The Microbiome in PDAC-Vantage Point for Future Therapies?

Abstract

Microorganisms have been increasingly implicated in the pathogenesis of malignant diseases, potentially affecting different hallmarks of cancer. Despite the fact that we have recently gained tremendous insight into the existence and interaction of the microbiome with neoplastic cells, we are only beginning to understand and exploit this knowledge for the treatment of human malignancies. Pancreatic ductal adenocarcinoma (PDAC) is an aggressive solid tumor with limited therapeutic options and a poor long-term survival. Recent data have revealed fascinating insights into the role of the tumoral microbiome in PDAC, with profound implications for survival and potentially therapeutic outcomes. In this review, we outline the current scientific knowledge about the clinical and translational role of the microbiome in PDAC. We describe the microbial compositions in healthy and tumoral pancreatic tissue and point out four major aspects of the microbiome in PDAC: pathogenesis, diagnosis, treatment, and prognosis.
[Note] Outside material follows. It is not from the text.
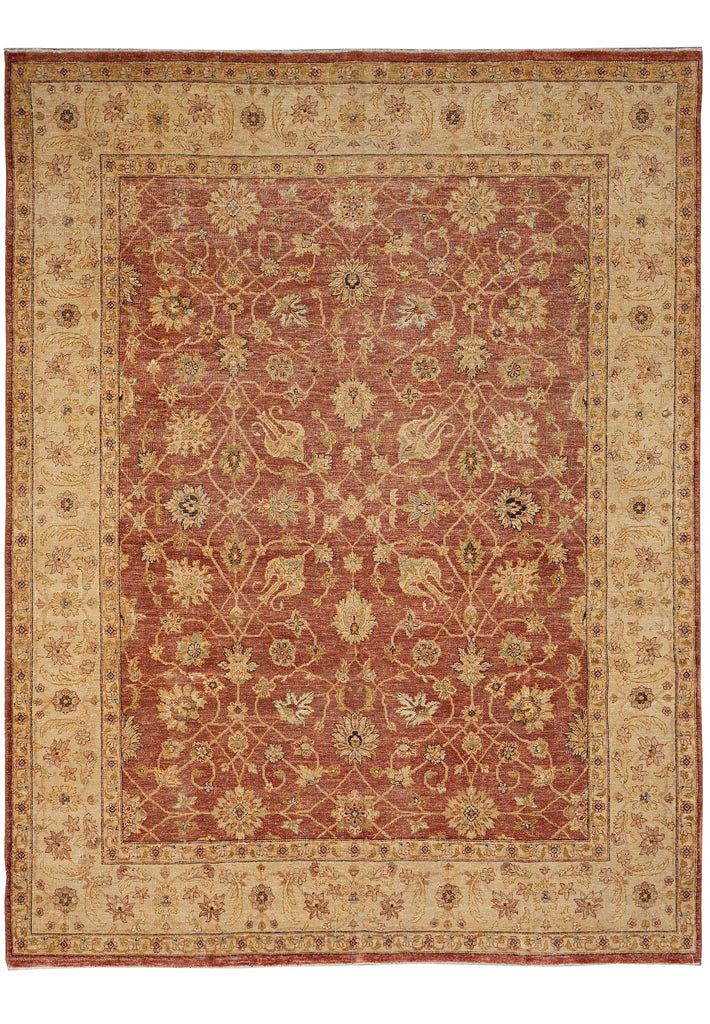 7.6 x 9.5 Hand-Knotted Agra Rug Natural Wool Rust Gold Inventory Clearance Sale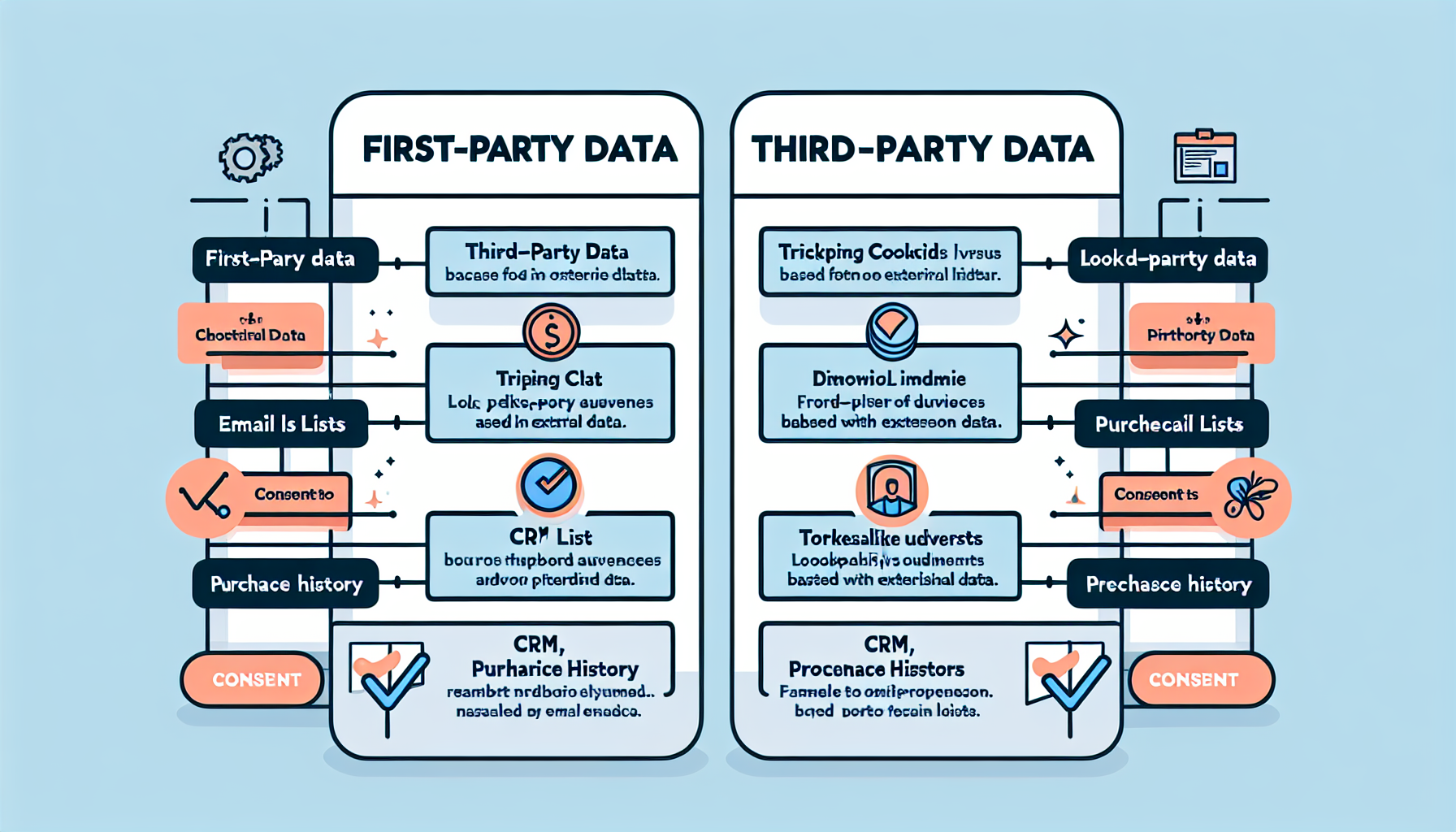 Illustrasjon som viser forskjellen på tredjepartsdata og førstepartsdata, med samtykke som nøkkel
However, caution must be drawn to inherent pitfalls in analyzing the intratumoral microbiome. Among others, contamination with environmental microbes is one of the major challenges. To this end, we discuss different decontamination approaches that are crucial for clinicians and scientists alike to foster applicability and physiological relevance in this translational field. Without a definition of an exact and reproducible intratumoral microbial composition, the exploitation of the microbiome as a diagnostic or therapeutic tool remains theoretical.

Keywords: biomarker; contamination; microbiome; pancreatic ductal adenocarcinoma.

Figure 1

Sources of contamination and recommended controls in tumoral microbiome analysis. Microbial contamination during sample preparation is impossible to avoid. Considering the low biomass of tumor microbiomes, contaminants from the environment, paraffin (in case of FFPE samples), reagents from DNA extraction kits, PCR, and library preparation can outnumber the real tumor-derived microbial count. Thus, a thorough decontamination protocol should be mandatory. Ideally, negative controls are implemented at each processing step for every single sample batch. However, real tumoral taxa can also occur in negative controls due to computational cross-contamination. Here, an index switch in multiplexed analysis is introduced by sequencing errors (barcode leakage). Desoxyribonucleic acid (DNA), polymerase chain reaction (PCR), formalin-fixed paraffin-embedded (FFPE).

Figure 2

Potential involvement of the microbiome in (pancreatic) oncogenesis. There is growing evidence on how different microbiomes contribute to carcinogenesis, e.g., via promoting oncogenic signaling, direct and indirect genetic alterations, chronic inflammation, and interaction with the immune system and secretion of microbe-derived metabolites. However, most of these theories have yet to be validated in PDAC patients. Tumor microenvironment (TME); mutant p53 (mutp53); pancreatic ductal adenocarcinoma (PDAC); oral squamous cell carcinoma (OSCC); desoxyribonucleic acid (DNA); double-strand break (DSB); microbe-associated molecular pattern (MAMP); lipopolysaccharide (LPS); pattern recognition receptor (PRR); myeloid-derived suppressor cell (MDSC); short-chain fatty acid (SCFA); epithelial-to-mesenchymal transition (EMT); and pondus hydrogenii (pH).